Although the Utes’ season motto has been, “It’s payback time,” McBride has downplayed the revenge factor this week. But he hasn’t forgotten.
“I’ll tell you what, the day after the game was over, it was over,” McBride said. “They beat the hell out of us and deserved to win. Was I stung? Maybe the word is (bleeped) off . . . mad as hell . . . embarrassed. It was the most embarrassing game in my 24 years of coaching. Yeah, I remember the game last year. The kids know what this game means.”
Luginbill said he didn’t know if there was animosity lingering from last year, but noted his team has seemed noticeably more fiery the last two weeks in practice. “I’ve never seen them as worried and concerned as they were at UTEP, and the kids seem really concerned about this game,” he said.

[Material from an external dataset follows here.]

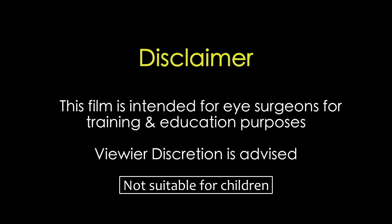This film is intended for eye surgeons for training and education purposes. Viewer discretion is strongly recommended.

“The kids want to play this game, this team, for whatever reason. I think you’re going to see two teams flat get after it. There won’t be a lot of screaming and talking, at least not from our side, but it will be very intense.”
Aztec quarterback David Lowery said the competitive nature of the WAC race has more to do with that than last year’s blowout. “We haven’t watched any of last year’s films,” he said. “We’ve just seen them (from games filmed) this year. We’ve got a lot of respect for Utah, they’re probably the best opponent we’ve played so far.
“Revenge? You always want to beat somebody who beat you bad last year, but they just want to win ‘cause they’ve got a good season going, and we just want to win ‘cause we’ve got a good season going. We realize how good a season we could have so we just want to win. I don’t think it matters who we play.”
It matters here, where the eighth game of the season means something, for a change. “We’ve got a football game Saturday. It’s another important game,” McBride said. “But it’s not life or death. It’s a big game.”
Aztec Notes
Aztec Coach Al Luginbill said he’ll wait until pregame warmups to see how running back T.C. Wright feels before he decides who will start at running back. Wright, a senior, has had ankle and thigh injuries. Freshman Wayne Pittman rushed for 149 yards in his first start last week. Wright’s health was listed at nearly 100% Thursday for the first time this season. . . . Utah Coach Ron McBride said he is a big fan of Aztec linebacker Lou Foster, whom he tried to recruit out of DeAnza College. “I recruited him at JC but he had already committed to State,” McBride said. “I used to go out to practice just to watch him. When Lou Foster is on the field, emotionally he does a lot for a football team.” . . . More McBride: “I’m not sure what the keys to the game are except San Diego State has more weapons and talent than anybody in the conference. We have to play as well as we can and hope for the best.” . . . The weather is expected to be partly cloudy and in the mid-50s at game time. It snowed here Wednesday night but it didn’t stick.